Another Unworkable Initiative
Tony Blair's plans to give heads the power to carry out random drug tests on pupils surely has to be one of his most fatuous ideas. He literally wants teachers to take the p***. Given the UK teaching unions, the chances of this being implemented in more than a handful of schools looks near-zero.
This morning it was a hopeful soundbite on BBC news - and by the afternoon the teachers unions were already expressing doubts both in England and Scotland.
The last thing heads will fancy is administering these. Without going into the practicalities of obtaining urine samples too closely, the potential for claims of harassment and abuse looks pretty impressive. And I can just imagine the reaction of a head with for example large numbers of female Muslim pupils.
However there is a grain of sense in this initiative. Not the pupils but the teachers should be tested for dope. Admittedly this would lead to a mass exodus of English, Drama and Social Science teachers, but you can't have everything. The principle should then be applied to all State employees, including those working for the BBC. There must be some social workers and probation officers who don't take drugs - I've just never met them. I remember a probation officer friend complaining that he kept bumping into all his clients at parties, and I know from personal experience that many social workers are more adept at putting together a three-skinner than disentangling their clients troubled lives.

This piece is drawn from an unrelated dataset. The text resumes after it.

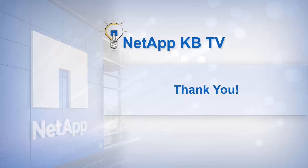We hope you find this video helpful. Please subscribe to NetApp KB TV for more knowledge-based videos. Thank you for watching.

Such an initiative, enforced with draconian penalties such as loss of pension rights, would make Oliver Letwin's plans to reduce State employment seem petty in their scope. They would be tumbling out of the doors faster than you could print the P45s. Admittedly many of them are probably unemployable in the private sector, but they could over time retrain as plumbers, cockle-pickers or gardeners, all of which are in demand in twenty-first century Britain.
UPDATE - This isn't to say that I think all Blair's initiatives are wrong, even this one. It's just that the more likely ANY Blair or Blunkett initiative is to have an actual effect, the less likely it is to be implemented. This follows in that noble tradition. It's just another 'Blair gets tough' soundbite
Stephen Pollard supports the idea and has the traditional smack at the Lib Dems.